The town of Mae Sot is a busy border town, located just 5km from the border. At present (August 2003) the border is open for a day crossing, but sometimes it is closed depending on the current political and military situation. In any case, the local people are always crossing the river to trade goods from teak to gems to Burmese banana leaf cigars.

Dozens of ethnic groups live in this area and on any day one can easily run into 4 or 5 different exotic hats and faces. The Karen, Hmong, Yao, Lahu, Buddhist and Muslim Burmese all live together in this frontier town speaking different languages, wearing different clothes, eating different foods, and dancing different dances. It's a fascinating place to walk around and learn about many cultures and peoples.


On the Myanmar side lies the little town of Myawaddy. Foreigners can only cross the border to enter Myanmar for day trips. No overnight stays and no travel further inside Myanmar is allowed.

Border fees. At the bridge the Thai immigration check-point will stamp foreign visitors' passports out of Thailand, and in when you come back.

The Myanmar authorities will keep your passport, and charge visitors $US 10 for border pass fee.

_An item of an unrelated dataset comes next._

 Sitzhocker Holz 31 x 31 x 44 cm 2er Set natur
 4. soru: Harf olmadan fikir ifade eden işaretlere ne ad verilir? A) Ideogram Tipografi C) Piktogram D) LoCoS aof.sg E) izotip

Driving North of Mae Sot, one reaches Mae Sariang town and district, through a no man's land road. The road follows the border all the way up, sometimes tracing the Moei river, which flows North along the border. Don't travel at night as you will encounter nearly a dozen military and police check-points, where you may be searched (this is a sensitive border area). You will certainly see nobody else.

It's worth bearing in mind that after a minibus was attacked by hand grenades on this road (around Tha Song Yang) in 1995, and the subsequent Karen fighting the road was under curfew at night for a couple of years. It is no longer prohibited to travel it by night, but not recommended.

The road is also in quite bad condition at a few places (with frequent landslides), and a normal vehicle (i.e. non 4WD or pick-up truck) might have difficulty during rainy season.


Passing the district of Tha Song Yang, there are large refugee camps. These are Karen (Christian Karens from Burma) that fled the country when they were overtaken by Bhuddist Karens allied to the Burmese army.

The refugee camps with 3 or 4 sections host over 10,000 refugees, in thatched roof huts on the flank of the mountain. The camp stretches on a few kilometers.


An interesting cave which you enter on one side, explore through and exit on the other side before you trek back to the car park in front of the cave. Consider one hour or more to explore this cave. Local Karen children can be your guide with flashlight for a modest fee.



Trekking and Rafting in Umphang

Umphang is a small district in the northwest of Thailand close to the Burmese border. It is 165 km south of Mae Sot and is reached by a scenic road which twists and turns through forests, hills and valleys.

Umphang is an undisturbed area for trekking where the people still maintain their traditional beliefs and ways of life. Its boundary connects with two national parks and three wildlife zones. This evergreen forest area is the largest and richest in Thailand, with a wealth of wildlife including monkeys, gibbons, bears, tigers and other wild cats, barking deer, giant squirrels, monitor lizards, and about 200 species of birds. Most treks or rafting trips descend on the Khlong river passing through the wildlife sanctuary.

River rafting along the Mae Klong river is nothing less than spectacular with beautiful scenery, waterfalls (including Thee Lor Su, the largest in Thailand), dramatic cliff faces and caves going deepl into the limestone mountains.